That's exactly an n-th example of why this non-commercial clause is bogus since the very beginning of CC, and particularly unadapted for software code: no one is able to define clearly what commercial means, and what perimeter it applies to.
Selling the code? (you're a software editor) You could say it's covered/forbidden by the license.
Selling the service the code gives when it is running? (you're a PaaS) You could say too.
Selling anything unrelated to the code and the running app (say, oranges), but using the app to organise privately within a corporation? (you could be a shop owner installing the software for yourself and your team within your own building) 1/ the license says nothing about it, 2/ if it were covered and forbidden, how would it be even enforceable?
> That's exactly an n-th example of why this non-commercial clause is bogus since the very beginning of CC, and particularly unadapted for software code: no one is able to define clearly what commercial means, and what perimeter it applies to.
Agree with you on this one and I'd go step further: CC licences in general are poor fit for software.
> Selling anything unrelated to the code and the running app (say, oranges), but using the app to organise privately within a corporation? (you could be a shop owner installing the software for yourself and your team within your own building)
Excerpt (that I think is most relevant, but it's definitely a nuanced issue):
> uses by for-profit companies are typically considered more commercial [...] one exception to this pattern is in relation to uses by individuals that are personal or private in nature
Based on this, I think the common agreement would be that this is commercial use.
> how would it be even enforceable?
That's not a point for ignoring the license. If you download pirated movies, games, or other software, it's very unlikely you'll get caught, but you're still committing a crime.
However in this case, it actually can be enforcable. If the organization is eg. a startup that raises venture funding or is getting acquired, legal due dilligence will involve examination of all licences for software used.
That's not what I understand from these pages (that only reinforces that even to CC, NonCommercial is not a clear criteria).
They also note NonCommercial as “not primarily intended for or directed towards commercial advantage or monetary compensation.” which perfectly matches my 3rd case above.
For instance, you perfectly can print and display an NC image as a poster in your professional office, it's not "commercial".
> That's not a point for ignoring the license.
It's definitely an argument to ignore this part of the license: an unenforceable item is effectively void.
> If you download pirated movies, games, or other software, it's very unlikely you'll get caught, but you're still committing a crime.
Beware, that's different here. Downloading/uploading pirated items is illegal. Here, the NonCommercial clause is so ambiguous that even CC doesn't know how to put it. So its enforcement is even further delicate and open to interpretation.

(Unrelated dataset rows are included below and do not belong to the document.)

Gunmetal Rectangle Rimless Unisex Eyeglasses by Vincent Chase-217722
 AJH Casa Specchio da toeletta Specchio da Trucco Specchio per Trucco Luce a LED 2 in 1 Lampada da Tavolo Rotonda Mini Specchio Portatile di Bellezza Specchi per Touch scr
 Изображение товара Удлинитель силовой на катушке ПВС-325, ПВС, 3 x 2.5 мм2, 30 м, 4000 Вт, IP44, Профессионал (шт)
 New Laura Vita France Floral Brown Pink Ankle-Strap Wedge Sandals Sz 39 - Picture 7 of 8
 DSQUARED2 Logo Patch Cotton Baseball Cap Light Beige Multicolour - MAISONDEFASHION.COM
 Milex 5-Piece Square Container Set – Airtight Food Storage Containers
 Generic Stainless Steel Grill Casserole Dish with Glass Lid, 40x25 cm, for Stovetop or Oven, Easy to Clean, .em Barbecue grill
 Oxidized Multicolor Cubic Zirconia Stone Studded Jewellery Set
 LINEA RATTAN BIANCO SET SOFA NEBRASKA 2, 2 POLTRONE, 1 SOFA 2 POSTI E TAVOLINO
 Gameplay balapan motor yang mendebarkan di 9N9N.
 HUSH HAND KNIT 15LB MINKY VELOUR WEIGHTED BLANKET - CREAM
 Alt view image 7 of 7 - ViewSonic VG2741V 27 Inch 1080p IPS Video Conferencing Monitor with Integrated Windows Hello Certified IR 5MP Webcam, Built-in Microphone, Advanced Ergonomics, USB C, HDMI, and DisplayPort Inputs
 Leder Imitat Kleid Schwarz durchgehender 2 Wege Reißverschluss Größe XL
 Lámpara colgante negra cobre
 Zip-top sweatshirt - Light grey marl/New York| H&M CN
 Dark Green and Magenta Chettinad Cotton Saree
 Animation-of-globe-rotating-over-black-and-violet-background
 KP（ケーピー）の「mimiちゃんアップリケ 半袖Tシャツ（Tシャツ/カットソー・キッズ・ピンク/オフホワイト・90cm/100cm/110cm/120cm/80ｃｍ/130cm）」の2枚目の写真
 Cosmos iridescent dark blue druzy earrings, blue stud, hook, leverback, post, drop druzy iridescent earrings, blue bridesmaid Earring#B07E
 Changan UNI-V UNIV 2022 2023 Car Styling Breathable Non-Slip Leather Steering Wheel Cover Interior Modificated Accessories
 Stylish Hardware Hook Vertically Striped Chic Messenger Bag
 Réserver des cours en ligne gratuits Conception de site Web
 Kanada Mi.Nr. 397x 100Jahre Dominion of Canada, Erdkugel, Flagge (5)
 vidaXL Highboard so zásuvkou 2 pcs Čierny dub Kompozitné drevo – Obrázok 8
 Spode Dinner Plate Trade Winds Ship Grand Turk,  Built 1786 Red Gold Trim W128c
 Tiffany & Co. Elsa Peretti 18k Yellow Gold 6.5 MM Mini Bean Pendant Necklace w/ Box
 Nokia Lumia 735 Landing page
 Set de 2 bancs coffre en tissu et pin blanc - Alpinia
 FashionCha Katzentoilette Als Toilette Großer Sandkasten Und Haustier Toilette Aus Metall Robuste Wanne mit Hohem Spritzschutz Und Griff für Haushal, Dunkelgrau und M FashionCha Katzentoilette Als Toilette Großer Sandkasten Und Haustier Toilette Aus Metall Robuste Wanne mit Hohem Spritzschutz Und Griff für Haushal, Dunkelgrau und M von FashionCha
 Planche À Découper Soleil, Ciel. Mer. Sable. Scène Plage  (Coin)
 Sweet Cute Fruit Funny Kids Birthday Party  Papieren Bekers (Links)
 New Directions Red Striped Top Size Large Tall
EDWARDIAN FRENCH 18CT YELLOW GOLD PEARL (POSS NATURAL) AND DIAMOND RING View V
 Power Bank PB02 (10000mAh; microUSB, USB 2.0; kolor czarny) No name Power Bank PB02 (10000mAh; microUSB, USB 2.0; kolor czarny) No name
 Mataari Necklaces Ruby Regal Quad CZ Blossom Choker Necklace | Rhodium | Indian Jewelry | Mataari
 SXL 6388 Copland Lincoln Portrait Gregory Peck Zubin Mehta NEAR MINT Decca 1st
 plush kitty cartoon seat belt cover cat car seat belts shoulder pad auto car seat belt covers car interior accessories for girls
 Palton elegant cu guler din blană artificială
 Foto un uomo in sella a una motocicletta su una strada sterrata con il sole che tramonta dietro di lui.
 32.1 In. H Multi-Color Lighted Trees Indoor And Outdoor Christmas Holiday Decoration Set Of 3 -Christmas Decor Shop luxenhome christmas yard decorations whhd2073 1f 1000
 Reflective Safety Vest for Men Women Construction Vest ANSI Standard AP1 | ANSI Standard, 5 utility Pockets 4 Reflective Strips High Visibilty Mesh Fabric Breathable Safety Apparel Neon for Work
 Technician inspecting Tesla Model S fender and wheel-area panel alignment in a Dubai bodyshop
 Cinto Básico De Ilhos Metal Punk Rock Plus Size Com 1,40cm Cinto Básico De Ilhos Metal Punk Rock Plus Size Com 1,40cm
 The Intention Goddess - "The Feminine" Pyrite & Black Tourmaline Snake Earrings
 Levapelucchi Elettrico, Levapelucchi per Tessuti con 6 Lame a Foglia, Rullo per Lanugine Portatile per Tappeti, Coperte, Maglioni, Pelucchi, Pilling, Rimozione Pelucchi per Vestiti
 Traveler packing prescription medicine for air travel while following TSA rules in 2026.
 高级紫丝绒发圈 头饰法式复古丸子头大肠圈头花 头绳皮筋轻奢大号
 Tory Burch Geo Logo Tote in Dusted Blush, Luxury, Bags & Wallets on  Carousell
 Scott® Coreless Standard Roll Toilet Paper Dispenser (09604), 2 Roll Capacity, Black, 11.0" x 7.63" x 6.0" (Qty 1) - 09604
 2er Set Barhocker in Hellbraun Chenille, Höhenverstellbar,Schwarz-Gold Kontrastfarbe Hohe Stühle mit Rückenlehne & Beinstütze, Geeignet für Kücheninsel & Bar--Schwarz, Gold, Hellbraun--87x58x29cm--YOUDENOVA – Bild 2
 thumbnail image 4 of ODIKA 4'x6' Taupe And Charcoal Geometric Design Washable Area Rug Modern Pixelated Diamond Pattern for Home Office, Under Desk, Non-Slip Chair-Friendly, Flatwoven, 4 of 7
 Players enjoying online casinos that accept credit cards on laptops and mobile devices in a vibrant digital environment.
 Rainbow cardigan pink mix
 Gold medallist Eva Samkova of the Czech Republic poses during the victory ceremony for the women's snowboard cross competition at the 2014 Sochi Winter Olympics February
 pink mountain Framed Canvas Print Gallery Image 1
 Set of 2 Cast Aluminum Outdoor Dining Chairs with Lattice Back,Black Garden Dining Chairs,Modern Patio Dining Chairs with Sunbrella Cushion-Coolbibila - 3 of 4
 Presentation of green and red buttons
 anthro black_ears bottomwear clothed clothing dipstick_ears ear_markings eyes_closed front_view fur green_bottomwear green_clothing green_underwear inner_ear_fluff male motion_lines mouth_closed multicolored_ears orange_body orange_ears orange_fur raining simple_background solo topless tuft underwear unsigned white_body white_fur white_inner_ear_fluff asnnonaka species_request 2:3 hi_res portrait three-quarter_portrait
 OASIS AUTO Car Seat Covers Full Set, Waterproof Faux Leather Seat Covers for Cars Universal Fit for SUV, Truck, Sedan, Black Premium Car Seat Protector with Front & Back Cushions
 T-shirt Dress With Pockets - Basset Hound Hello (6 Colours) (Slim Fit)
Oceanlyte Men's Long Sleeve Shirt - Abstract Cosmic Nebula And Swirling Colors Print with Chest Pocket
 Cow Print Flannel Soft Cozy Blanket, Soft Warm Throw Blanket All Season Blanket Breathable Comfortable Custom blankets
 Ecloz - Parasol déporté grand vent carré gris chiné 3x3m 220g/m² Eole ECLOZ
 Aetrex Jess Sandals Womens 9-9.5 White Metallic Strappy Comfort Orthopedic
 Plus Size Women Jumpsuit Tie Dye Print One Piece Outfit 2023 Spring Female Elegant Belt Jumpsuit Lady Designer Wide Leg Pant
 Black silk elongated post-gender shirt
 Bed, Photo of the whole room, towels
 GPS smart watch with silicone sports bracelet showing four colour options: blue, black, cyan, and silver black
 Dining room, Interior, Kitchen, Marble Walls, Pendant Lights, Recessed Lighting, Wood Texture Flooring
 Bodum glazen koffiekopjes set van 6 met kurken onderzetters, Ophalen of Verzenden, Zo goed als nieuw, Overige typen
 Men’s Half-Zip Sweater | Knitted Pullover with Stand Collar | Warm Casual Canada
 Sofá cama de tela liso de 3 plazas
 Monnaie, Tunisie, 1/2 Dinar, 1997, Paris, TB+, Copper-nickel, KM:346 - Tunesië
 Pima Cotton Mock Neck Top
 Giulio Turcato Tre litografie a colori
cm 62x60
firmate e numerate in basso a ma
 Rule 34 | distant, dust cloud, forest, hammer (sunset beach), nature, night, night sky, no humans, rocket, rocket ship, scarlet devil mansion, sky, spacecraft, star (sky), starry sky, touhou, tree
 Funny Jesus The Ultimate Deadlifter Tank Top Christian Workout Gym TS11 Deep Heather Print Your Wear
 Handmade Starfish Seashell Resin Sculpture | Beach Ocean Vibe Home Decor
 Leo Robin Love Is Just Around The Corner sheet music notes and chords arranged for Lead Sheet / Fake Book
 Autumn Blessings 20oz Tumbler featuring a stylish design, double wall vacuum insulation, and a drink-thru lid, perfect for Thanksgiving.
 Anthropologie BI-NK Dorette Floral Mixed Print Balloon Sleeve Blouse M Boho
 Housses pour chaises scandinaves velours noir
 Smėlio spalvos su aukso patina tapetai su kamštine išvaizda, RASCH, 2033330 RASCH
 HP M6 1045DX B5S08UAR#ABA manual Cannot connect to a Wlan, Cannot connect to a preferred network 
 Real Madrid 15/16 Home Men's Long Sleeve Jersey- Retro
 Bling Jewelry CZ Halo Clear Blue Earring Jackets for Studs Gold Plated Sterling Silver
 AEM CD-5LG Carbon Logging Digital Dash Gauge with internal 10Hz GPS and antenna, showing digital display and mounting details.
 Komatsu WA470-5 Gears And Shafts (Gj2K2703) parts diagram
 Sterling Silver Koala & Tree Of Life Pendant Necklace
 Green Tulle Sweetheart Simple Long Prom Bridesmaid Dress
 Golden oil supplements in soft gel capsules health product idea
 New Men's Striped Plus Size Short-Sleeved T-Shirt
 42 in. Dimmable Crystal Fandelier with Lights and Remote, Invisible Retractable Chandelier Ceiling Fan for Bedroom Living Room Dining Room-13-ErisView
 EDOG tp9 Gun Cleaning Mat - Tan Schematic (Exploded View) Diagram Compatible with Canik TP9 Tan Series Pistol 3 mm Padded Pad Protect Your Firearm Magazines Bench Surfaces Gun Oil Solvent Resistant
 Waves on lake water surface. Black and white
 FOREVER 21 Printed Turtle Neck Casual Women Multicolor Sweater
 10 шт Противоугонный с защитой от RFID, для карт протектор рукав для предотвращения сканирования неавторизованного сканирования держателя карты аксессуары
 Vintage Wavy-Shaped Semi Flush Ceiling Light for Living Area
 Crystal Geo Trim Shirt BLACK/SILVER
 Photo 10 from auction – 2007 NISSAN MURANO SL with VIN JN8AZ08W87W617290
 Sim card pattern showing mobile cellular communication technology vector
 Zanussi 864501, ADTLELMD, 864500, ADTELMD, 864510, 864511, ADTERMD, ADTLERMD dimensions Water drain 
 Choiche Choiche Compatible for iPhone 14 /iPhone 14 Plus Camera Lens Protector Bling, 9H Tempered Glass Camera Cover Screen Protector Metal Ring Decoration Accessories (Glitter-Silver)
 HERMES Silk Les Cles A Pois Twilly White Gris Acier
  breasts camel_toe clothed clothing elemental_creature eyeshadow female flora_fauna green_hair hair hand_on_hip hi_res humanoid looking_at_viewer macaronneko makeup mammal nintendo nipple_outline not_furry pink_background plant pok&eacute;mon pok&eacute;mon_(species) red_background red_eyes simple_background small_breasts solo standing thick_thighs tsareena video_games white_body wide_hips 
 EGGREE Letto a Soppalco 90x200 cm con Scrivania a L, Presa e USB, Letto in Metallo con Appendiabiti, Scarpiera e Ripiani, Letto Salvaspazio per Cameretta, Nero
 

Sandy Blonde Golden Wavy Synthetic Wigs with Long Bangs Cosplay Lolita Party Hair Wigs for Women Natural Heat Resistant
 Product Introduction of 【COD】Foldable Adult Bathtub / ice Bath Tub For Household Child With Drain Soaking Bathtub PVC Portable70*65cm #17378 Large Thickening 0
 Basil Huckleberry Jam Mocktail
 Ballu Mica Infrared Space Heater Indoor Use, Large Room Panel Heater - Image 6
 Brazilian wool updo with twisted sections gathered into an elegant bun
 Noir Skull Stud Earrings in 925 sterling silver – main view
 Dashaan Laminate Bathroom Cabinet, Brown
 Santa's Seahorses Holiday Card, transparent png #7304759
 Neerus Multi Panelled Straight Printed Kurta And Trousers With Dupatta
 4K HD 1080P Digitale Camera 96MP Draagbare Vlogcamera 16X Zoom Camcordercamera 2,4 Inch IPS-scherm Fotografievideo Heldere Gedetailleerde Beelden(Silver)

Planning work is not the work, it's something around the work, similar to a poster (that could very well present information valuable to the work, but still not be the work you're selling in the end).
Campsite team, if you happen to be reading this: consider whether a more permissive license still meeting the FOSS definition, like GPL or AGPL, would better fit your needs.
GPL means that anyone who modifies the source code, or integrates it into a larger work, has to release the modified version.
So this would ensure that everyone’s contributions continue to help the wider community. As a side effect, it would also prevent anyone from using your work without releasing the source code for their project or product, benefitting open source as a whole.
The choice is obviously ultimately yours. I personally didn’t realize the benefits of GPL until recently.
> GPL means that anyone who modifies the source code, or integrates it into a larger work, has to release the modified version.
Is this accurate? I thought GPL only required distributing the source alongside binaries. If you're running GPL code as a web service, I don't think there's a requirement to release the source to your users.
In this case, you would want the Affero General Public License (AGPL) which specifically has a carve-out (in?) for web servers. Section 13, "Remote Network Interaction; Use with the GNU General Public License." [0]
[0] "[...] your modified version must prominently offer all users interacting with it remotely through a computer network (...) an opportunity to receive the Corresponding Source of your version"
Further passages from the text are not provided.